Indigenous land and food sovereignty is the act of returning to and following our Natural Laws. Indigenous youth have the voice and power to lead our communities to healthy and thriving nations. Join us in hearing the perspectives of Indigenous youth on Indigenous food and land sovereignty!
- When: Wednesday, October 25 at 6:00 pm – 7:00 pm ET
- Where: Online (Register to get Zoom link)
Meet the panellists:
Chelsey Purdy (she/her)
Chelsey Purdy is a member of Wasoqopa’q (pronounced wah-so-koh-bah) First Nation and grew up in Kespuwick (pronounced ges-pu-wick), Mi’kma’ki (Nova Scotia, Canada). She is a registered dietitian and works with the Union of Nova Scotia Mi’kmaq supporting the 13 Mi’kmaw communities in her province with food programming, education, and policy. In her work, Chelsey aims to support Mi’kmaw communities with identifying and building on individual and communal strengths that can support improved self-determined control over food. Chelsey also recently defended her MSc thesis titled: Remembering our Past to Influence the Future: A Photovoice Project on Access to Food with Indigenous Peoples Living with HIV/AIDS in Mi’kma’ki. In this project, participants took photos representing past, present, and future access to food, and identified the need to remember and reclaim cultural and spiritual values to support food access into the future.

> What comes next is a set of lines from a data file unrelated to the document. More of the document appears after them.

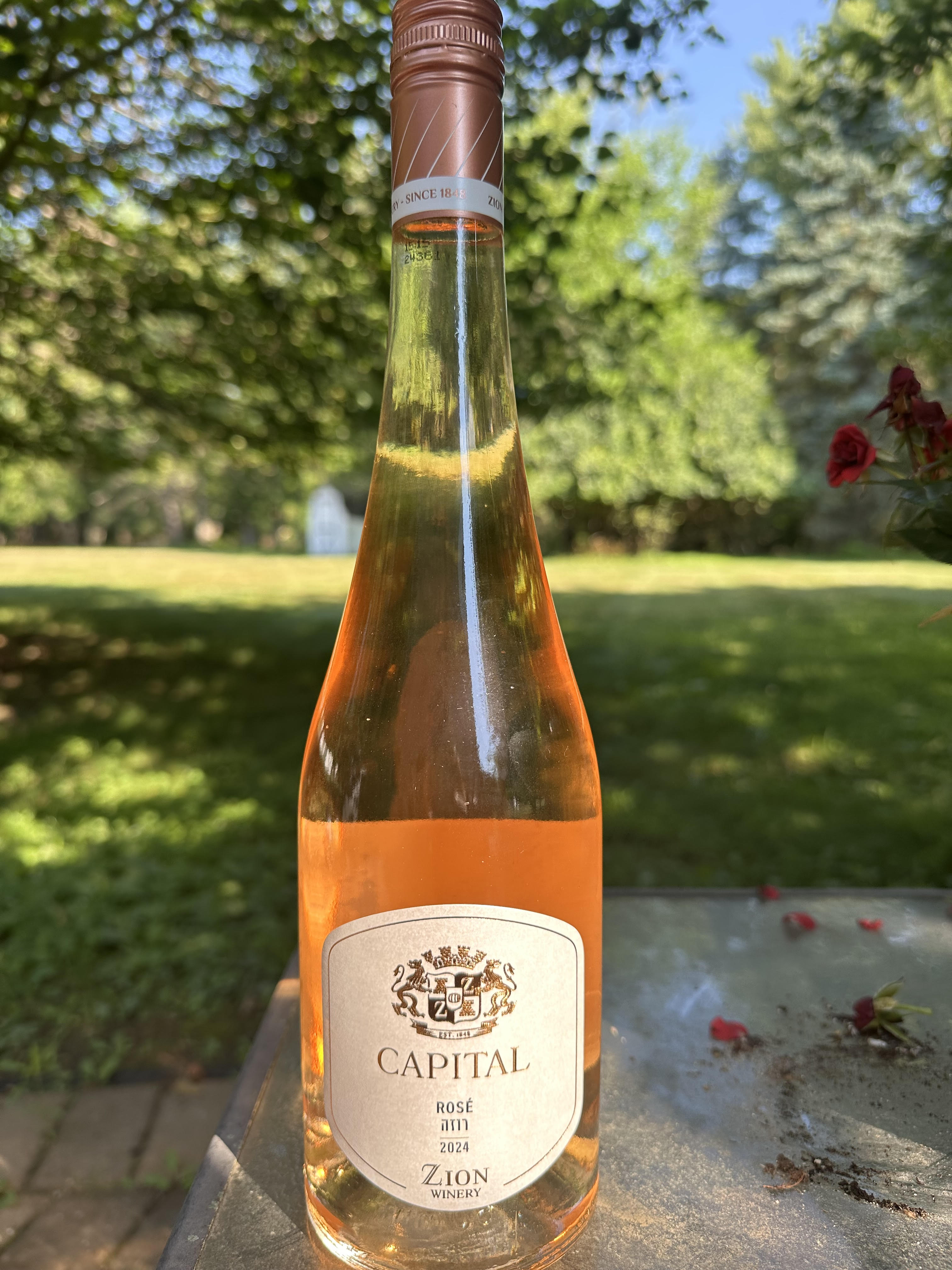 Zion Capital Rosé 2024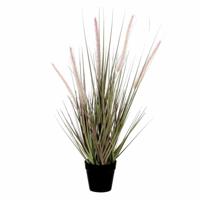 Mica Decorations Kunstplant Dogtail siergras - 54 cm - in zwarte pot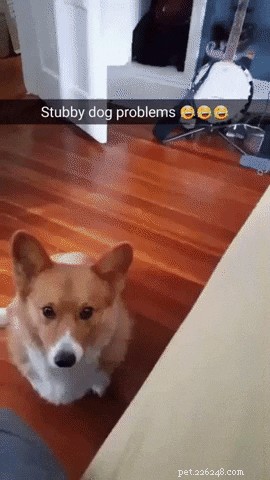 29 Hilarious Corgi Memes That Will Make Every Dog Lover Laugh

Terri Cardinal (@terrisabel)
Terri Cardinal- Nayawatatic. nehiyaw iskwew (Cree Woman) from Saddle Lake Cree Nation( onihcikiskwapiwinihk), Treaty 6 territory. I am a mother to 2 amazing children, wife to Viper Nayawatatic, sister, daughter, and friend. I enjoy learning new things, medicine picking, hunting, golfing, sewing, dancing pow wow, and planning events. I recently completed my Master of Indigenous Social Work program at University nuhelot’įne thaiyots’į nistameyimâkanak Blue Quills. I am the Program Manager for the Saddle Lake Early Childhood Center; I have a deep love and passion for working with children and the community. I am a firm believer in our traditional values and customs and try incorporating that into programming and everyday life.
Jessica Frappier (she/her | @jessfrapps)
Jessica Frappier is Anishinaabe from Temagami First Nation in northeastern Ontario. She is currently pursuing a law degree in the joint program in common law and Indigenous legal orders at the University of Victoria. She holds a BA in Indigenous Environmental Studies from Trent University. She is passionate about upholding Indigenous laws and sovereignty and hopes to continue to participate in this important work in the future.